◆ **Directions for this task**: In the entries below, find the line with "So last chapter" and the line with "Add a carve". Reproduce those two lines and every line between them exactly, and nothing more.

◆ **Records provided**:
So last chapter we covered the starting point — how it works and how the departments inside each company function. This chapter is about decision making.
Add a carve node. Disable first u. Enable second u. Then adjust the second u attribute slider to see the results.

--

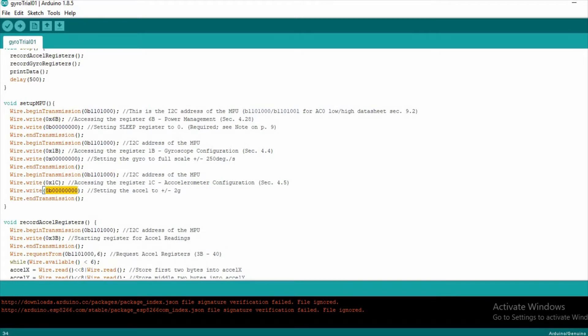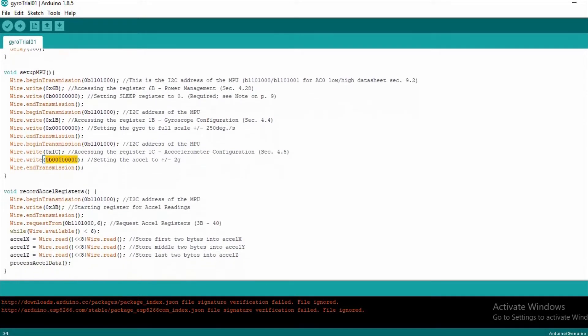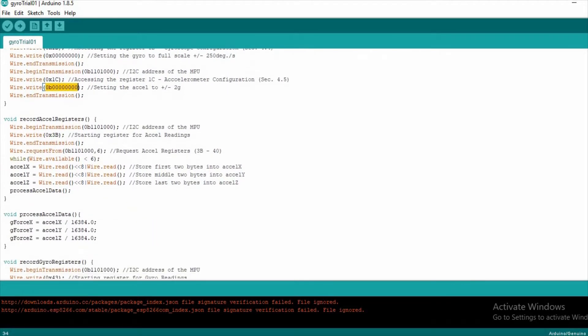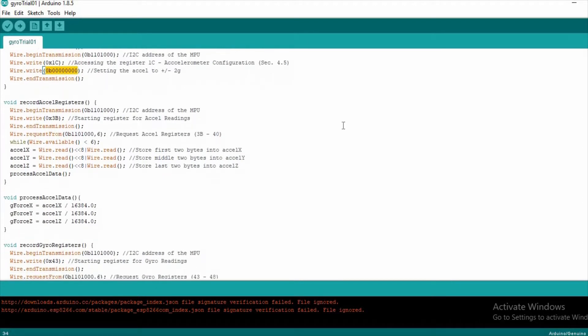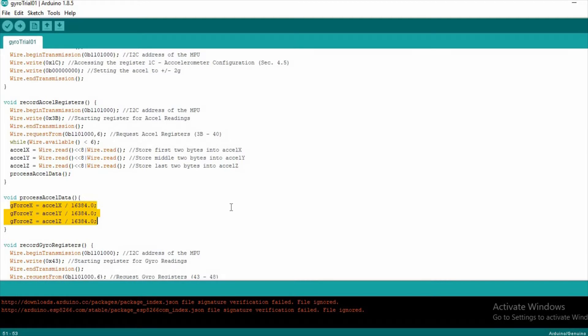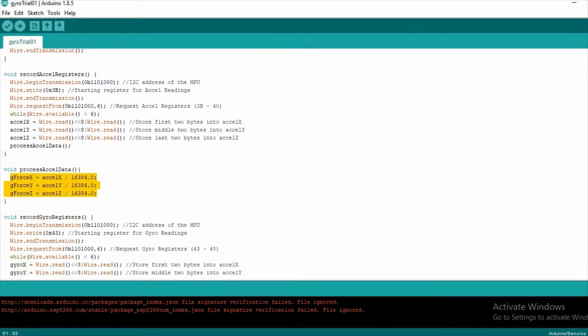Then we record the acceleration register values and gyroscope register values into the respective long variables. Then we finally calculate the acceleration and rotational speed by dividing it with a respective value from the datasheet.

...

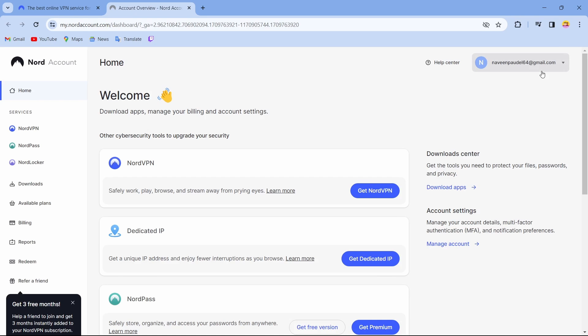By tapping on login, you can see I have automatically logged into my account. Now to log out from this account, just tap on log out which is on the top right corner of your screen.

◆ **Result for this exercise**:
So last chapter we covered the starting point — how it works and how the departments inside each company function. This chapter is about decision making.
Add a carve node. Disable first u. Enable second u. Then adjust the second u attribute slider to see the results.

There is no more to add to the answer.